Sierra Leone deploys marshals to protect beaches
The Sierra Leone government will deploy marshals to protect its best beaches from crime which officials say threatens the tourism industry.
Some 57 youth have began training as part of the initiative by the Ministry of Tourism.
They constitute the first batch that will be deployed at the Lumley/Aberdeen Beach, along the premier tourist village of Aberdeen in the west end of the capital, Freetown.
Tourism and Cultural Affairs minister Sidie Yahya Tunis, who officially launched the training, said the initiative would be expanded to cover over 40km stretch.
The civil war
Sierra Leone is reviving its tourism, which has largely been neglected since the end of the civil war in 2002.
The 2014 Ebola outbreak dealt a severe blow to what remained after the war.
But latest figures from the National Tourist Board (NTB) show a gradual increase in arrival numbers since 2016.
Security has, however, been a growing concern with officials saying the beaches were replete with drug use and prostitution.
Victims of robbery
There were reports of tourists and local beach goers being victims of robbery, prompting complaints from hotels and other business owners.

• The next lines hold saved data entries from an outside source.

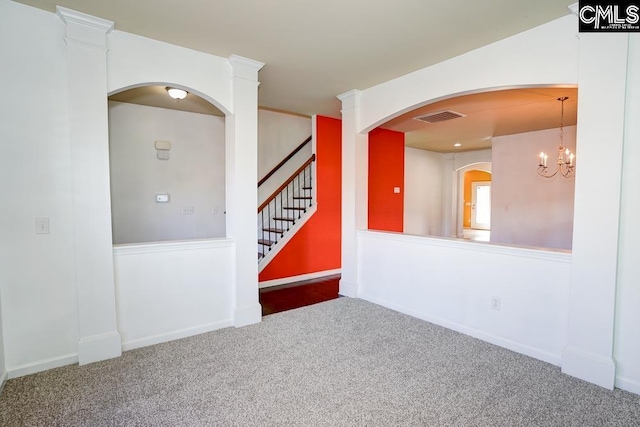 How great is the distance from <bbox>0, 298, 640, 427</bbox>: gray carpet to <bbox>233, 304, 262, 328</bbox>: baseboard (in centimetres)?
30

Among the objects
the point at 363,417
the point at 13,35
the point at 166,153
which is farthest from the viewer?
the point at 166,153

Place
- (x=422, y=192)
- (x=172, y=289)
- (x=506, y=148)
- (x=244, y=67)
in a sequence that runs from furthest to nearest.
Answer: (x=422, y=192), (x=506, y=148), (x=244, y=67), (x=172, y=289)

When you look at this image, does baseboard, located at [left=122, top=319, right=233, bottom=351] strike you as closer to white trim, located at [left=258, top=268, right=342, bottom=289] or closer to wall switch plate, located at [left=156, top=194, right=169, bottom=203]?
white trim, located at [left=258, top=268, right=342, bottom=289]

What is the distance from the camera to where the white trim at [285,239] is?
195 inches

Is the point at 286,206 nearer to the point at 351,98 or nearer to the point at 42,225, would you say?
the point at 351,98

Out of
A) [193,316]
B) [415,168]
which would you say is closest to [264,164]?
[193,316]

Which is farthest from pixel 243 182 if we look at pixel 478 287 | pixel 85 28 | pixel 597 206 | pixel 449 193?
pixel 449 193

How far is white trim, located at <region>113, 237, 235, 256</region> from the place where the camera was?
2.85 metres

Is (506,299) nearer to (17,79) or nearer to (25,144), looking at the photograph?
(25,144)

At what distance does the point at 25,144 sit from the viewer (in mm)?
2418


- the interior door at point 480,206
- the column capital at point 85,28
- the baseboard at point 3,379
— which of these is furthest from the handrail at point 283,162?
the interior door at point 480,206

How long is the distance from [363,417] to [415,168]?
7.36 m

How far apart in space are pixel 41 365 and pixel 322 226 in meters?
3.78

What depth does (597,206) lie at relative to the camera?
232cm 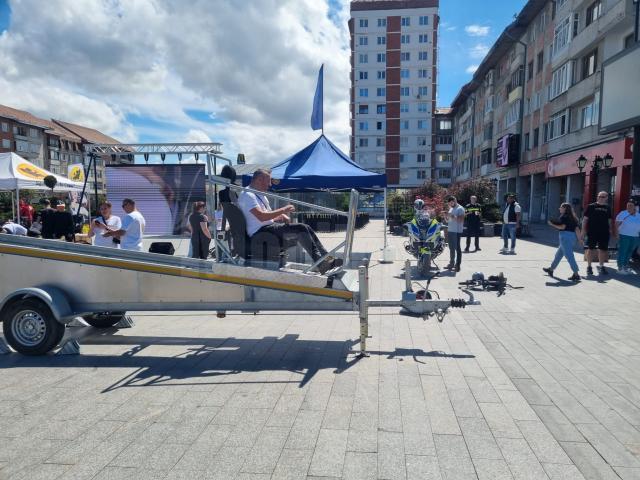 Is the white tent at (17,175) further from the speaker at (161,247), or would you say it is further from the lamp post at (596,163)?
the lamp post at (596,163)

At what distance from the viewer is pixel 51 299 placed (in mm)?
4512

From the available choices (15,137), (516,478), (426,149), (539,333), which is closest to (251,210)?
(516,478)

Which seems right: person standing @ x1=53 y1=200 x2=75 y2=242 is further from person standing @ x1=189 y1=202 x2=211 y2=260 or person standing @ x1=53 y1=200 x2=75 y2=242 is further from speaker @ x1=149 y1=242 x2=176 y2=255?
speaker @ x1=149 y1=242 x2=176 y2=255

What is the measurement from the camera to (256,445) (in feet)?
9.65

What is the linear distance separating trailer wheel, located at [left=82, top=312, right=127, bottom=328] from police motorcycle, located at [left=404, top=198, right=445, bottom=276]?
6732mm

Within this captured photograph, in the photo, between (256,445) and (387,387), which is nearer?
(256,445)

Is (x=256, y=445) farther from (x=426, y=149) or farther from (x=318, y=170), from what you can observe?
(x=426, y=149)

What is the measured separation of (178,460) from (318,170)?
877cm

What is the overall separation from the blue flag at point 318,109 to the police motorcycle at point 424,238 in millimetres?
4010

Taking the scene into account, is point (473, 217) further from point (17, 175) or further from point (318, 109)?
point (17, 175)

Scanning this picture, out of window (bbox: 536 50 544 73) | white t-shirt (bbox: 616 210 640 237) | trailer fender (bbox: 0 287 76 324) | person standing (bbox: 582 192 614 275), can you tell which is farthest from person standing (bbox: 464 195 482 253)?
window (bbox: 536 50 544 73)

In 2015, Lumely Beach was the scene of the death of a teenager alleged to have been sexually abused before being murdered by her assailants. That incident prompted an overhaul of the security in the area.
NTB General Manager Yassin Kargbo said reports of crime along the beach were scaring tourists away.
He said the marshals would provide security at the beach and its environs, noting that their training entailed maintaining law and order.
Some of the marshals were drawn from the beach boys who have been suspected of involvement in crimes.
Some of Freetown’s beaches, like the Number Two River, were ranked among the best in Africa, characterised by pristine white sands and lush vegetation.
But indiscriminate sand mining also poses a major threat to such areas.